[Crawled caption data]

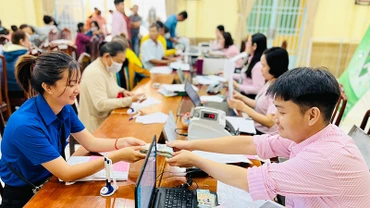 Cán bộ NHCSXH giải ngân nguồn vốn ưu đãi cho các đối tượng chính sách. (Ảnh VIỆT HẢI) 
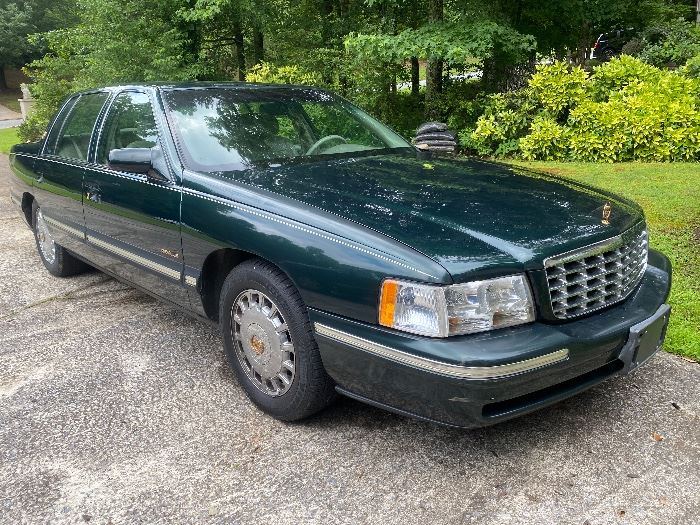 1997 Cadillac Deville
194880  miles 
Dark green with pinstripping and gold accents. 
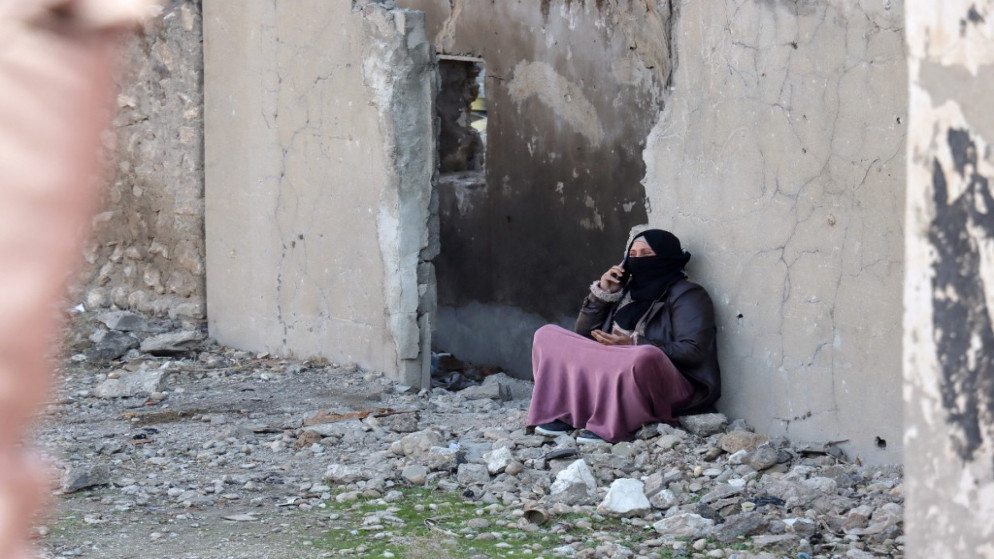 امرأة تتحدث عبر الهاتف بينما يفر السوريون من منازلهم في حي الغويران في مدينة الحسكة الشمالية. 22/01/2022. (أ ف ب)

» **Task goal**
Copy all of the entries verbatim, leaving out any pictures they contain.

» **Result**
 Cán bộ NHCSXH giải ngân nguồn vốn ưu đãi cho các đối tượng chính sách. (Ảnh VIỆT HẢI) 
 1997 Cadillac Deville
194880  miles 
Dark green with pinstripping and gold accents. 
 امرأة تتحدث عبر الهاتف بينما يفر السوريون من منازلهم في حي الغويران في مدينة الحسكة الشمالية. 22/01/2022. (أ ف ب)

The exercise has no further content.